## What needs to be done
Out of the records below, copy all lines in which the word "Apartment" occurs.

--- START ---

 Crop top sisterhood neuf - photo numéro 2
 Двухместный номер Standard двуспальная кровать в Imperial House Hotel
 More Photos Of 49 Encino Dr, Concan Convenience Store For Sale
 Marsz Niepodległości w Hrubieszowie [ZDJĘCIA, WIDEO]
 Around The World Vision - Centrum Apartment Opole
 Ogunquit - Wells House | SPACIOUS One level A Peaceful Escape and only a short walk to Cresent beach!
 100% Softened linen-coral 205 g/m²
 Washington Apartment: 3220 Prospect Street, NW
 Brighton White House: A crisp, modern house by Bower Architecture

--- END ---

## Task output
 Around The World Vision - Centrum Apartment Opole
 Washington Apartment: 3220 Prospect Street, NW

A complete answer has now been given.